Note that it's important (and highly recommended) to:

- **Load catalogs with their respective margin caches**, when available. These margins are necessary to obtain accurate results in several operations such as joining and crossmatching.

- **Pre-select a small subset of columns** that satisfies your scientific needs. Loading an unnecessarily large amount of data leads to computationally expensive and inefficient workflows. To see which columns are available, please refer to the column descriptions in each catalog's section on [data.lsdb.io](https://data.lsdb.io).
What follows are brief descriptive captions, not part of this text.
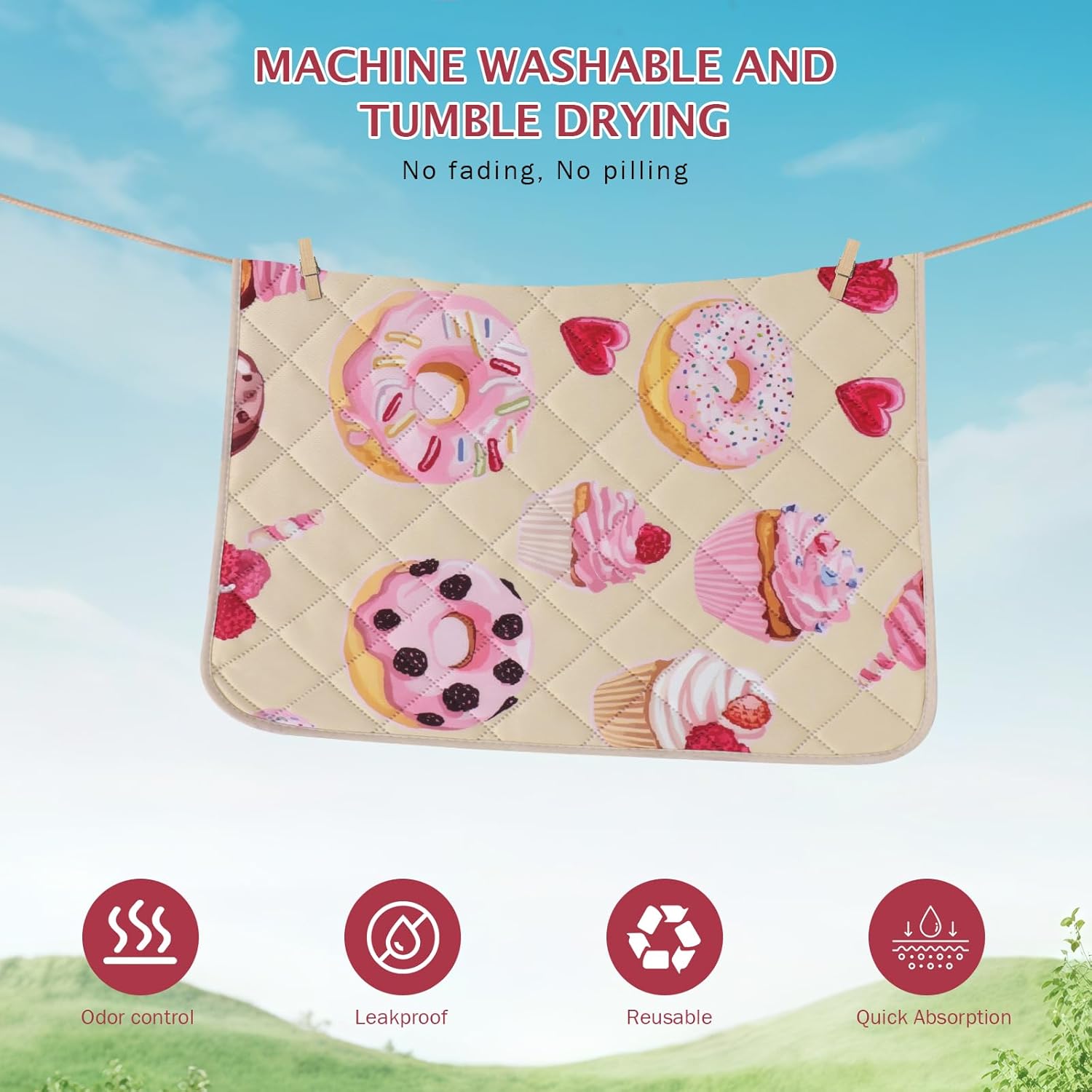 Detalle de IEUUMLER Washable Pee Pads for Dogs (2 Pack) Cake Pattern Reusable Waterproof Puppy Potty Pads, 75x50cm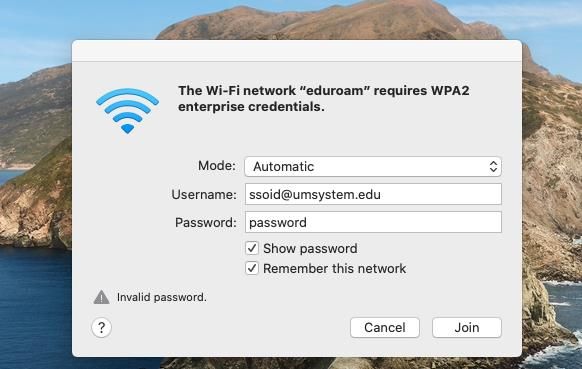 Wi-Fi network connection prompt for "eduroam" requiring WPA2 enterprise credentials, including fields for mode, username, and password.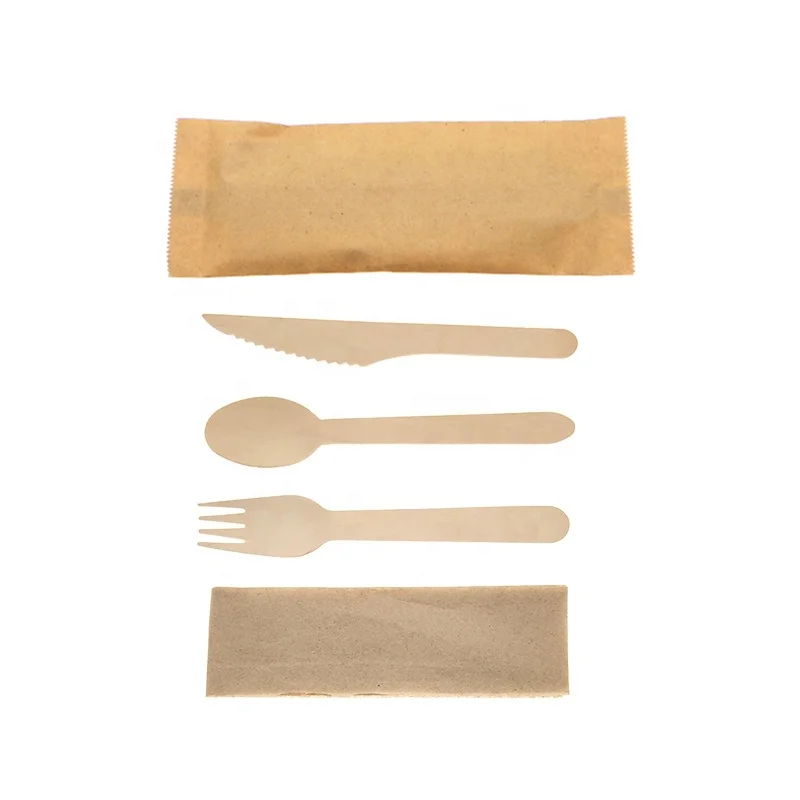 160mm wooden knife spoon fork biodegradable disposable wooden tableware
You can copy the command to read the catalog directly from our website and adjust its arguments as needed.

In [None]:
gaia_dr3 = lsdb.read_hipscat(
    'https://data.lsdb.io/unstable/gaia_dr3/gaia/', 
    margin_cache='https://data.lsdb.io/unstable/gaia_dr3/gaia_10arcs/',
    columns=[
        "source_id",
        "ra",
        "dec",
        "phot_g_mean_mag",
        "phot_proc_mode",
        "azero_gspphot",
        "classprob_dsc_combmod_star",
    ],
)
gaia_dr3

### Data loading is lazy

When invoking `read_hipscat` only metadata information about that catalog (e.g. sky coverage, number of total rows and column schema) is loaded into memory! Notice that the ellipses in the previous catalog representation are just placeholders.

You will find that most use cases start with **LAZY** loading and planning operations, followed by more expensive **COMPUTE** operations. The data is only loaded into memory when we trigger the workflow computations, usually with a `compute` call.

![Lazy workflow diagram](../_static/lazy_diagram.svg)

### Visualizing catalog metadata

Even without loading any data, we can still get a glimpse of our catalog's structure.

#### HEALPix map

We can invoke `plot_pixels` on the catalog to plot its sky coverage map and obtain information about its HEALPix distribution. Areas of higher density of points are represented by higher order pixels.

In [None]:
gaia_dr3.plot_pixels("Gaia DR3 Pixel Map")

#### Point density map

We can invoke `plot_points` with the catalog's internal metadata structure to observe the point density map.

In [None]:
from hipscat.inspection import plot_points
plot_points(gaia_dr3.hc_structure)

#### Column schema

It's also straightfoward to have a look at column names and their respective types.

In [None]:
gaia_dr3.dtypes

The full arrow schema is also available through `gaia_dr3.hc_structure.schema`.